Brand and agency spotlight - media

ITV, Premier and The Economist speak to Event about how and why media brands are increasingly embracing the experiential sphere.

ITV Events, Premier and The Economist speak to Event and media brands and their use of expriential
ITV Events, Premier and The Economist speak to Event and media brands and their use of expriential

Jenni Eley, head of events, ITV

ITV has a mission to turn viewers into fans and consumer experiential activity is an increasingly vital part of this strategy. Face-to-face interaction with our brand and content is a powerful way to connect with audiences. As part of targeted marketing campaigns, consumer activations around our shows drive awareness, brand love, social buzz and, ultimately, viewing figures.

Our first B2C foray in 2014 welcomed more than 30,000 fans to our World Cup Fever Pitch experience, and our Jekyll & Hyde screenings last October sold out for all four events. We're ramping up activity in 2016 with First Look preview screening events planned around upcoming dramas on ITV.

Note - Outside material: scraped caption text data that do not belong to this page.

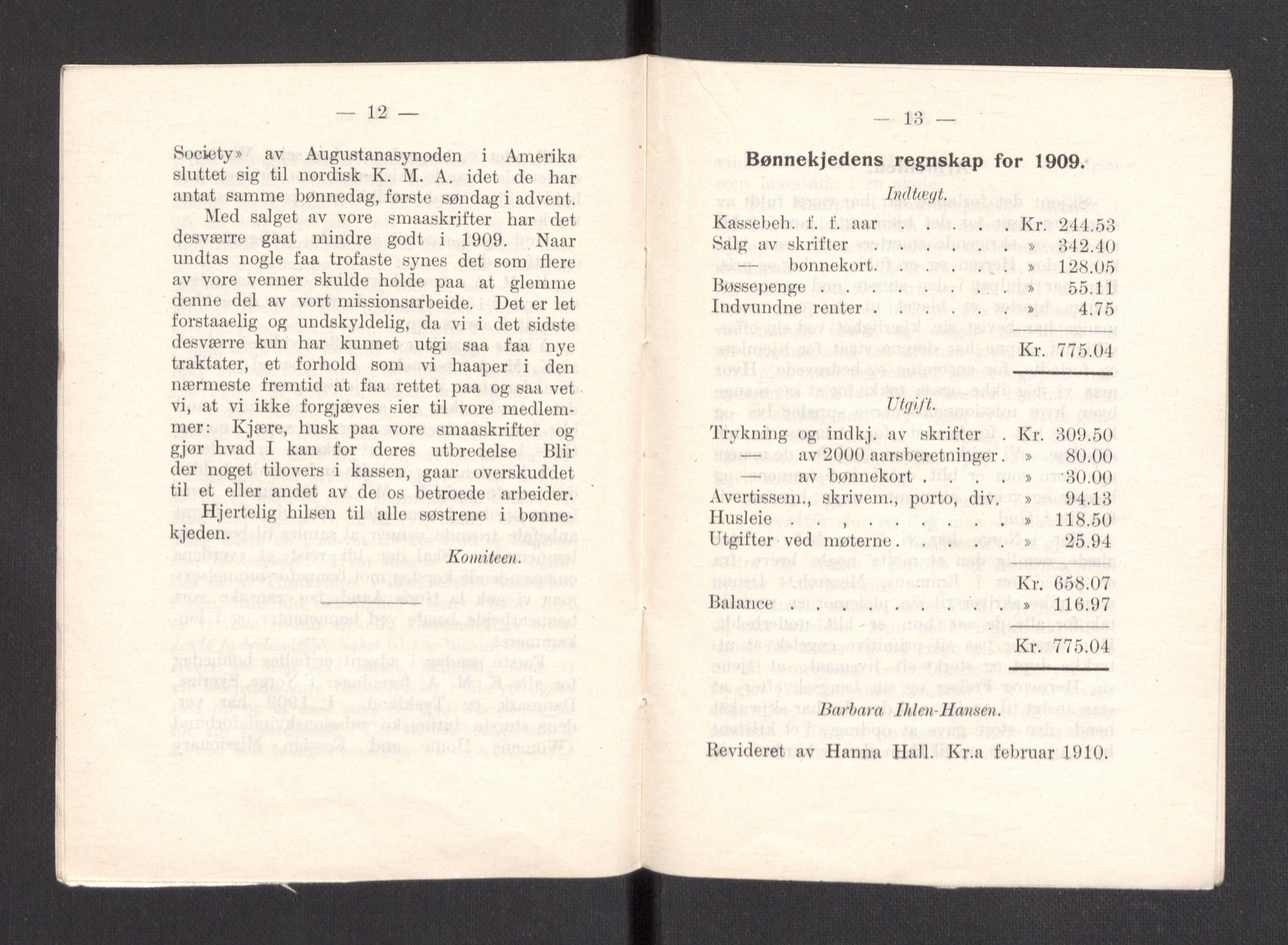 Kvinnelige Misjonsarbeidere, AV/RA-PA-0699/F/Fa/L0001/0007: -- / Årsmeldinger, trykte, 1906-1915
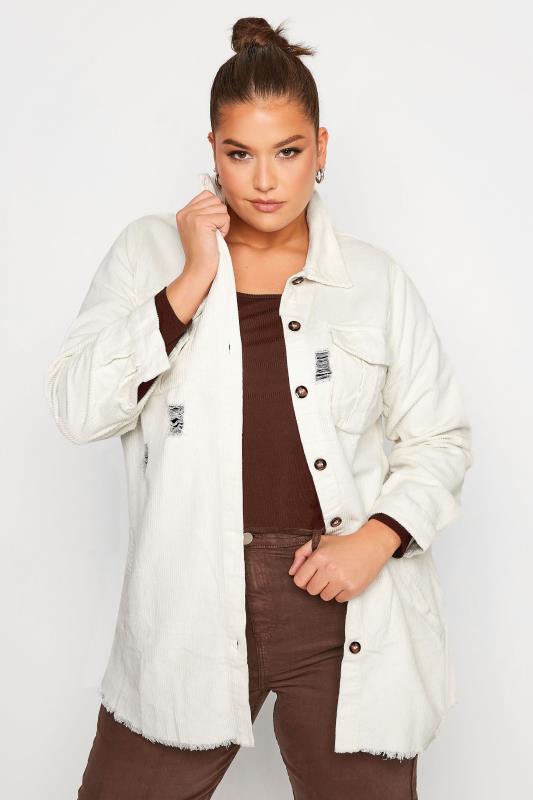 Plus Size LIMITED COLLECTION White Ripped Cord Shacket | Yours Clothing 1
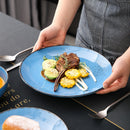 Dark Blue 4-Piece Vintage Look Stoneware Ceramic Dinner Set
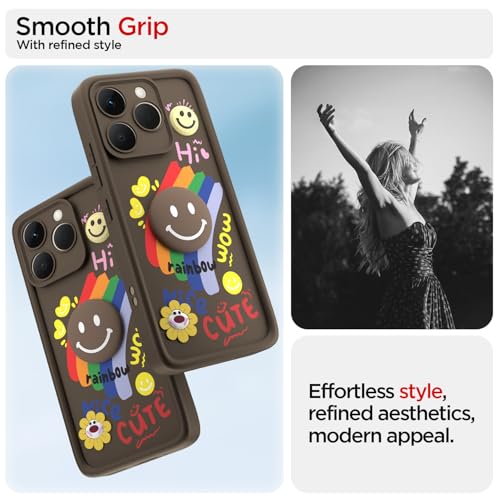 Image of Pikkme Back Cover for Realme 15T 5G / Realme Narzo 90 5G | Soft Silicone| Cute Rainbow Smile & 3D Cartoon Flower Design | Shockproof Raised Camera Protection Bumper Case (Brown)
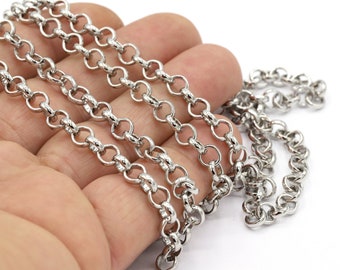 6 mm Rhodium  Plated Rolo Chains , Round Linked Chains , Ring Linked Chains, Rhodium Plated Necklace Chain,  - CHN474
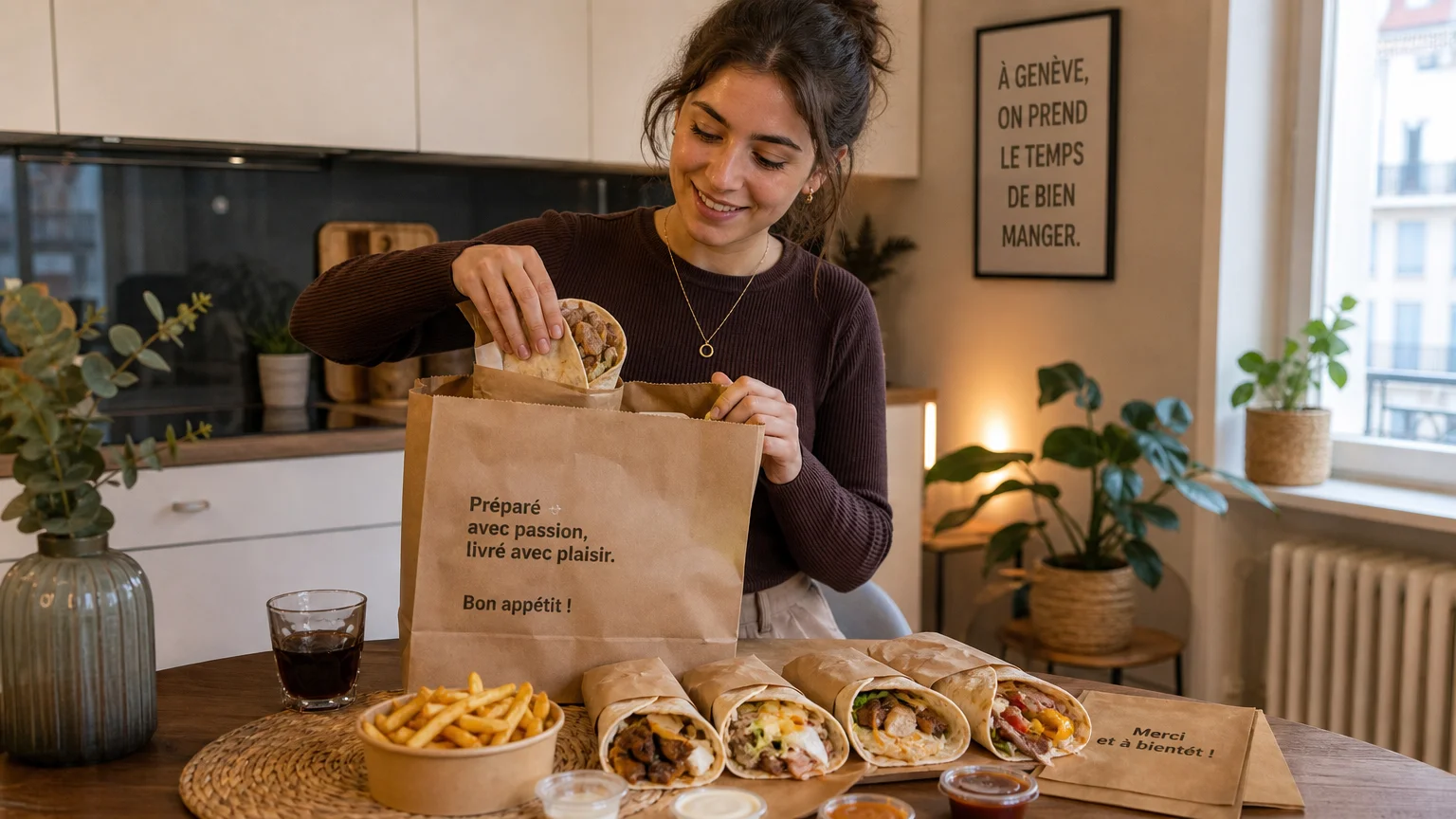 Personne déballant une livraison de tacos et burritos sur une table de cuisine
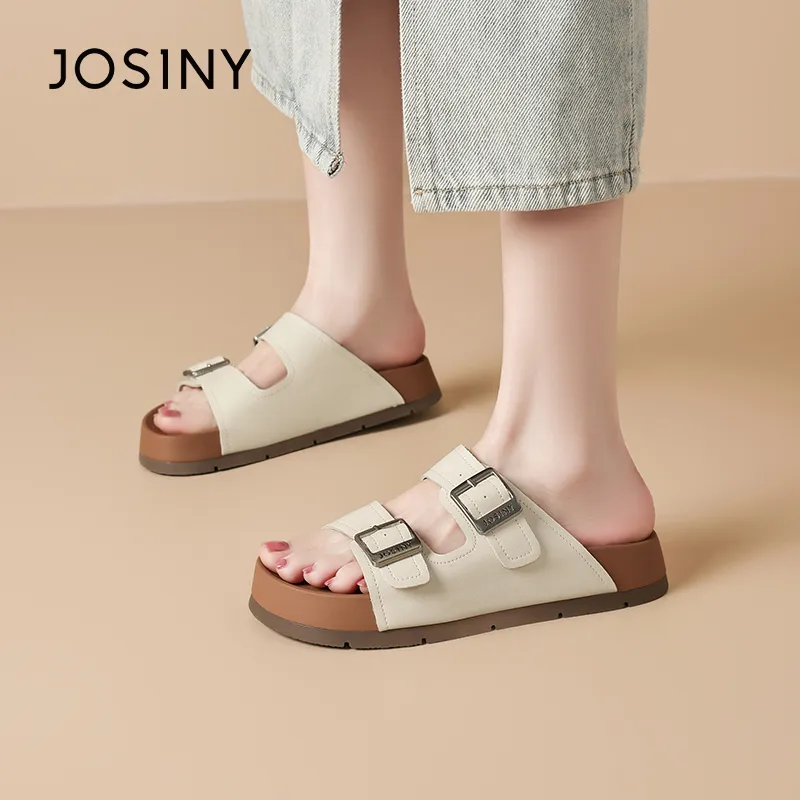 JOSINY Slip Resistant Odor Resistant Abrasion Resistant Slide Slippers Women's Ecru-3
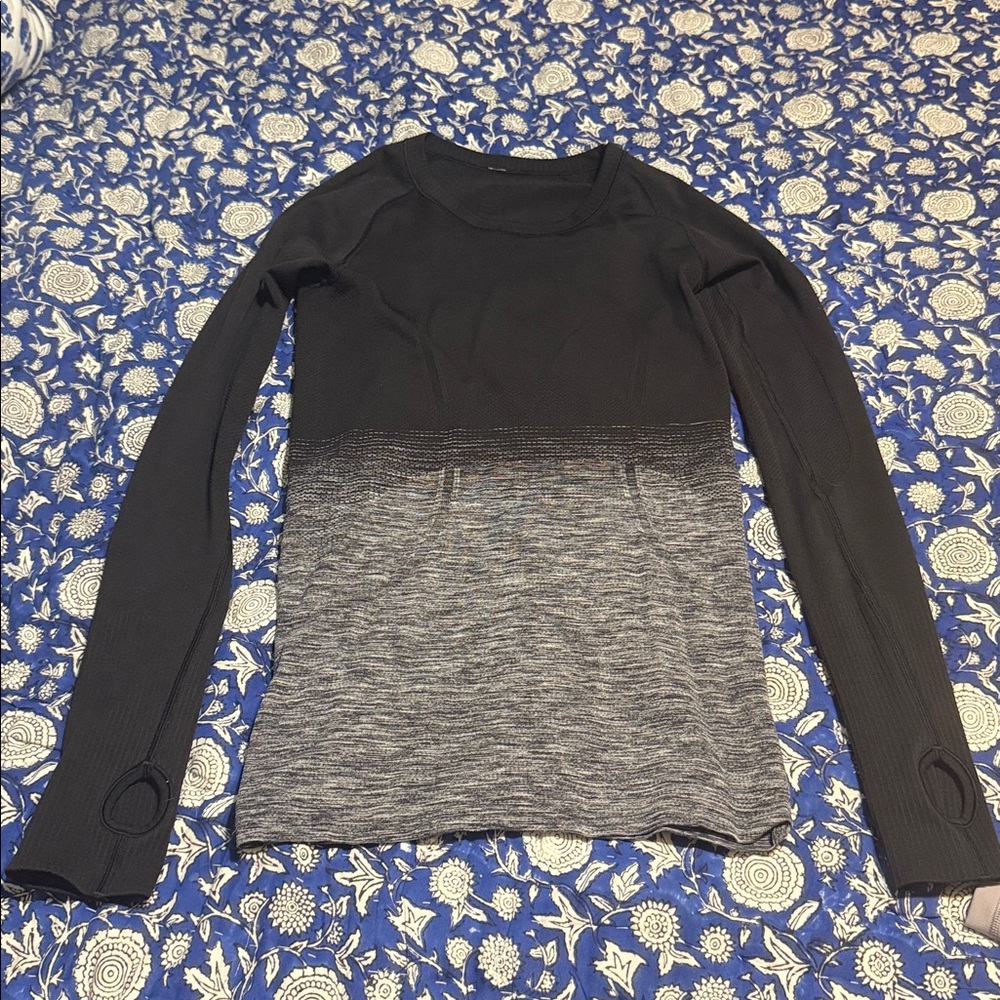Lululemon Athletica Black and Gray Long Sleeve Shirt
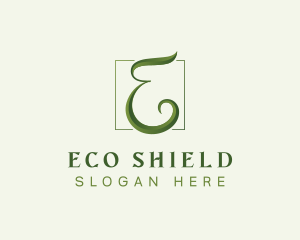 Green Eco Letter E logo design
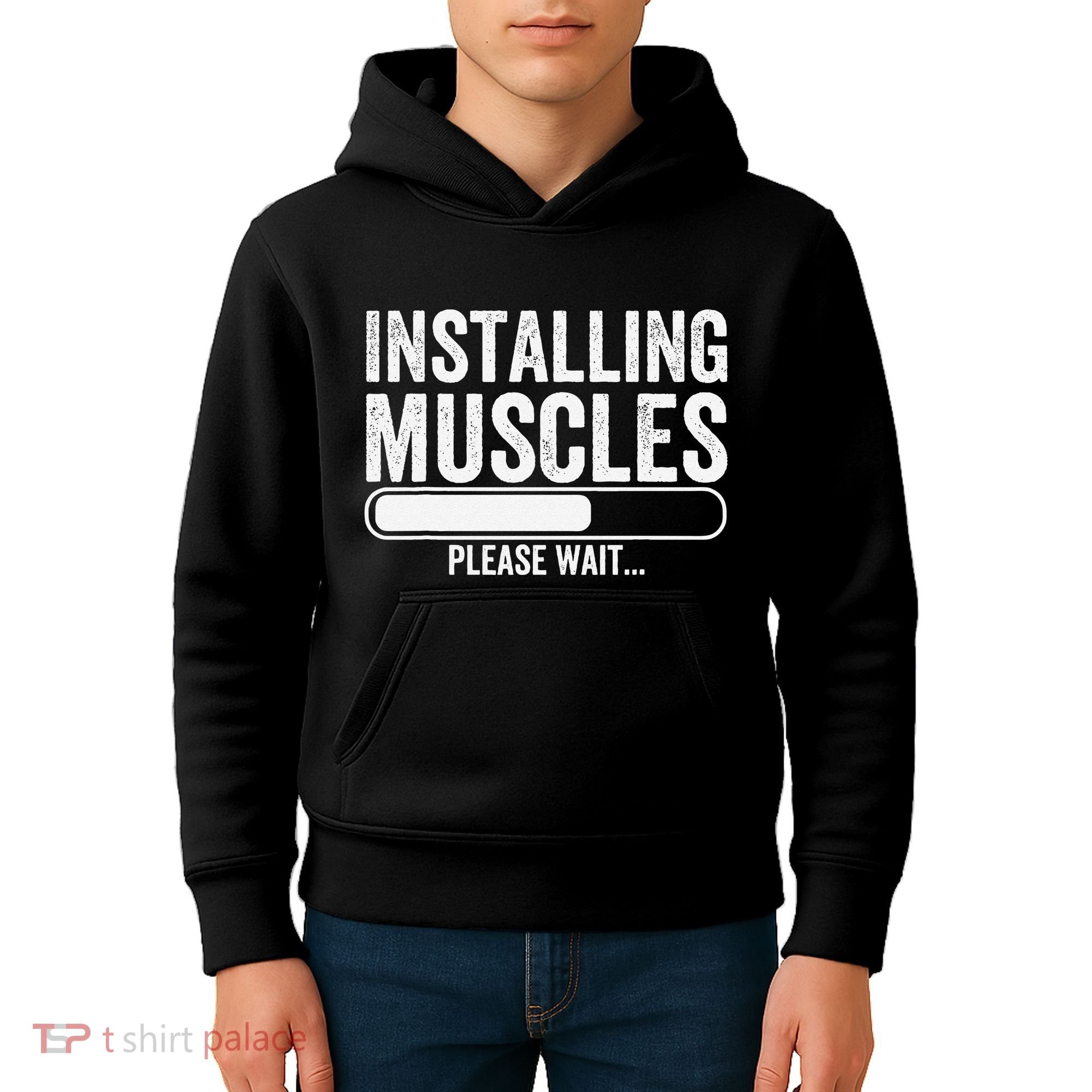 Funny Panda Installing Muscles Please Wait Gym Fitness Kids Hoodie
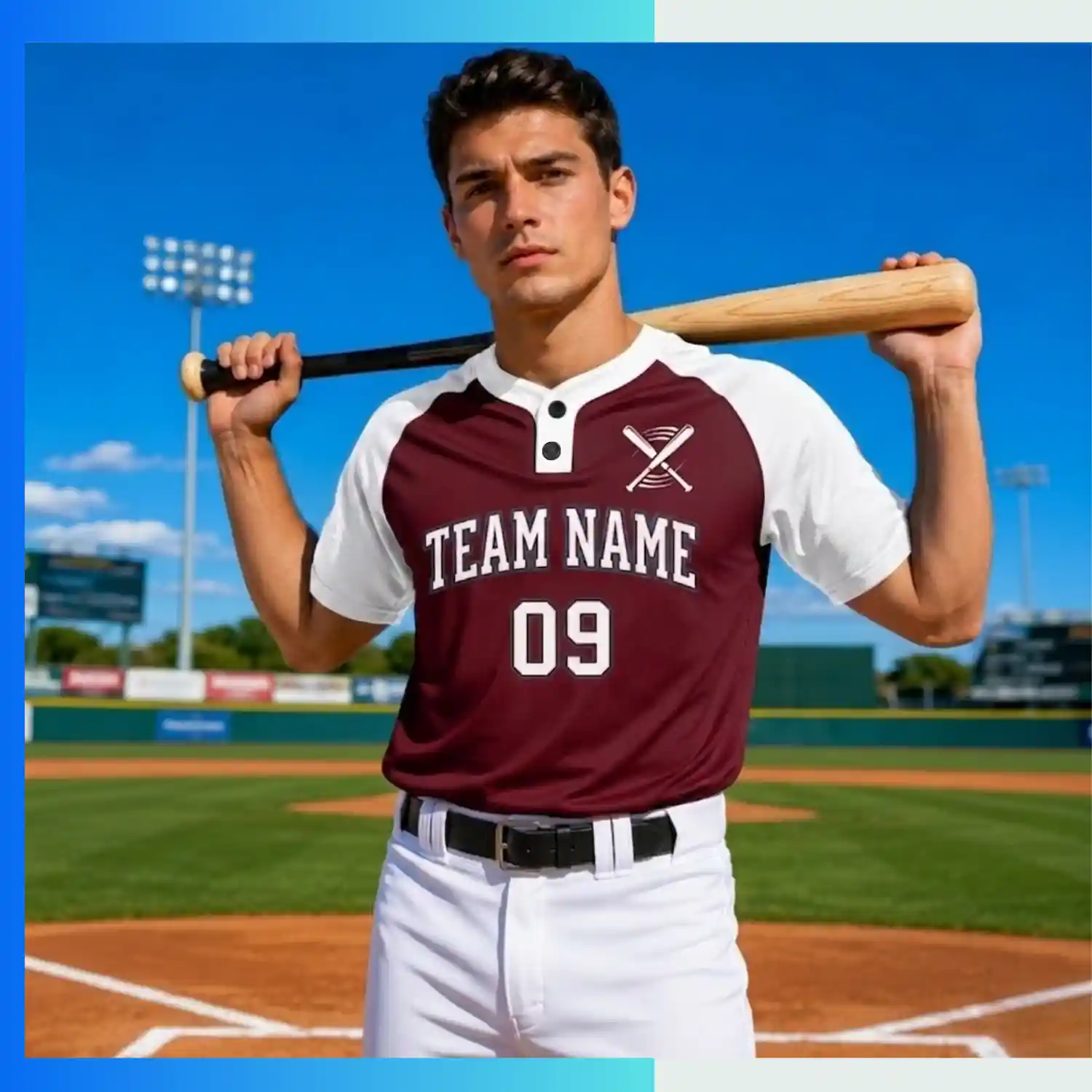 Sublimation 2-Button Front Baseball Jersey with 160G Birdseye Mesh - Image 3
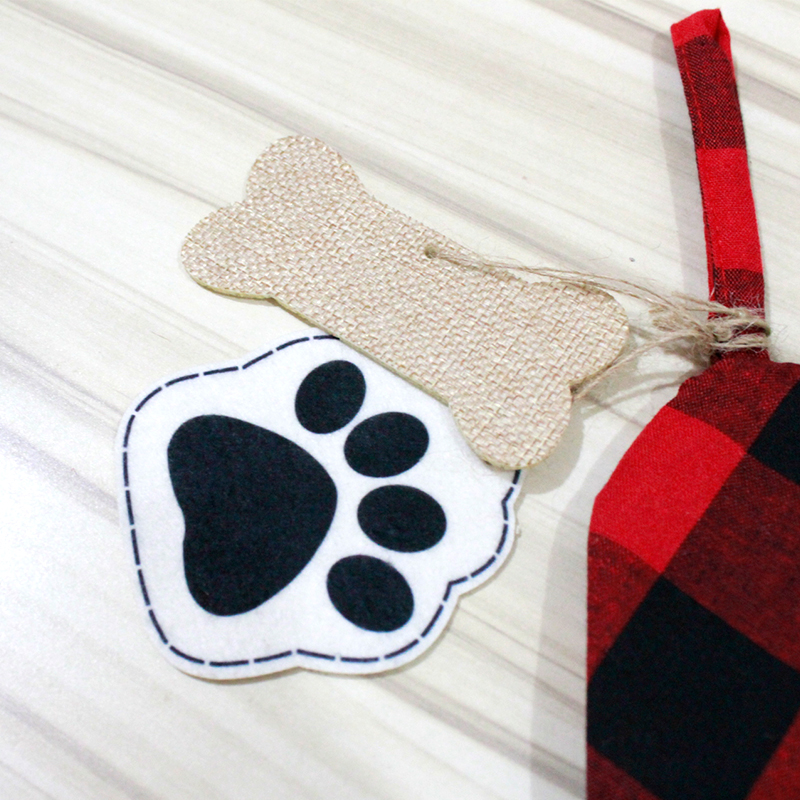 Christmas Decoration Pet Bag Dog's Paw Bone Gift Bag Red Black Black White Red White Imitation Linen Bag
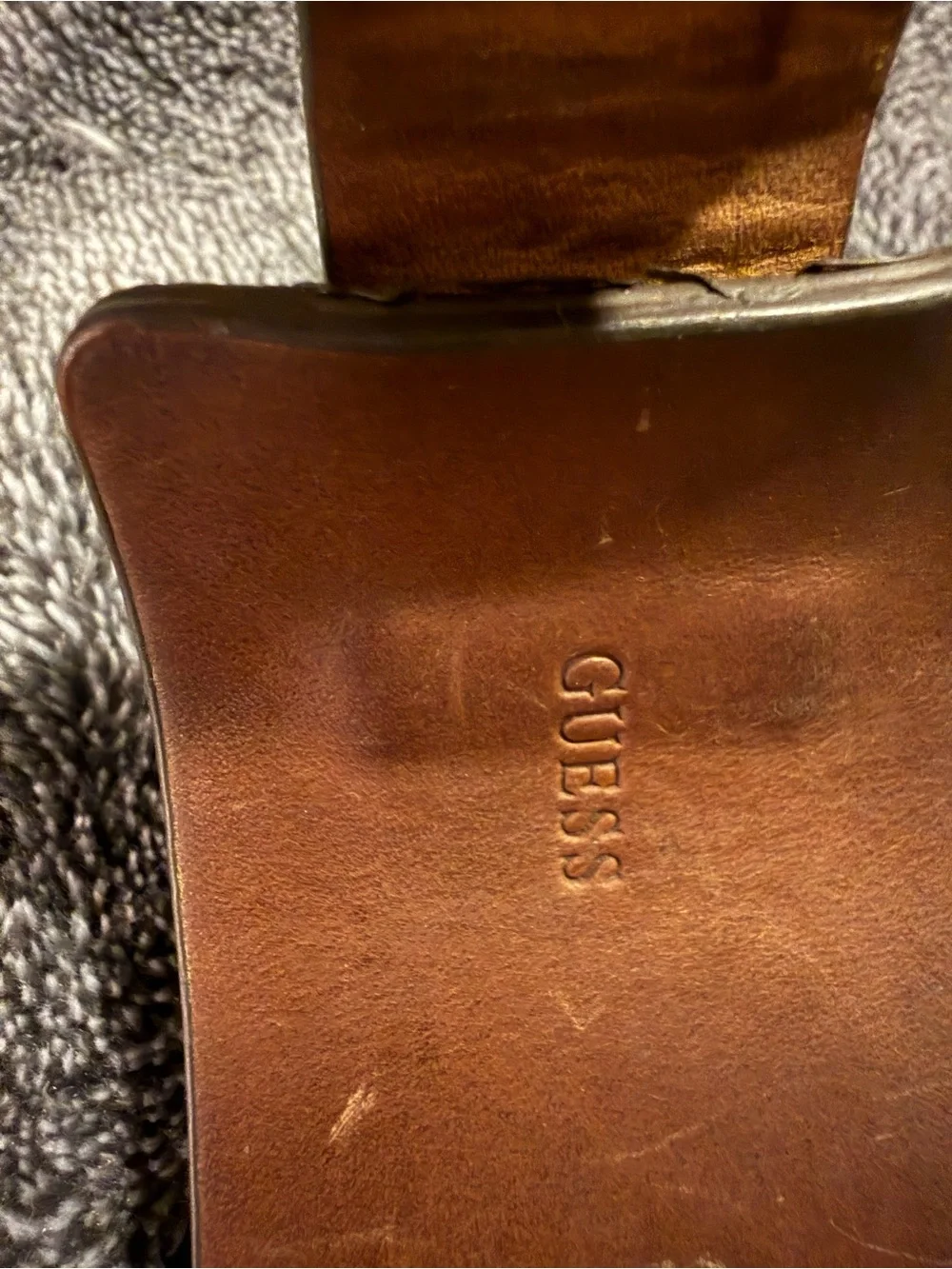 Guess Brown Leather Cuff Watch Strap - Men's & Women Wide Leather Band.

The channel aims to create, shape and drive the conversation of the nation. Our B2C event activity reinforces our positioning and spreads the message; 2016 is about opening the doors to new viewers, existing fans and cutting through in a crowded TV market.

Leigh Debbage, creative director, Premier

It is a very exciting time for media brands embracing experiential, from TV launches to Blu-ray release campaigns. There is real hunger from media, the public and social platforms to see our favourite entertainment products brought to life, and PR stunts and experiential activations are a fantastic way of doing this.

Film and television fans in the UK forge very personal connections to characters, sets, vehicles and props, and any way we can create first-hand experiences bringing these to life can make for very successful launches.

We have had great success with unique and eye-catching builds. Whether we are bursting a Jurassic World mosasaurus from the Thames or adding a fifth lion to Trafalgar Square for the launch of Nat Geo Wild's Big Cat Week, stunts like this really capture the public imagination and give media fantastic picture and broadcast opportunities.

Marina Hadyn, SVP circulation and retail marketing, The Economist

We have been looking for new marketing methodology, outside of the digital space, to complement our current non-digital marketing mix. Experiential emerged from a small, successful trial activation that ran in London about 18 months ago, to now being a strategic content-marketing pillar with global scale.

It allows us to communicate with real people, in the real world. But we must make outstanding use of their time and create an unforgettable experience based on true Economist content.

Creating insect ice creams enabled us to reach potential readers. We also increased shares of the experiences through our social media channels, as people enjoyed posting that they had just eaten their first insect ice cream or insect crepe with us.

The biggest challenge is ensuring activity creates curiosity, self-selecting those who are also likely to be subscribers by the campaign's very nature.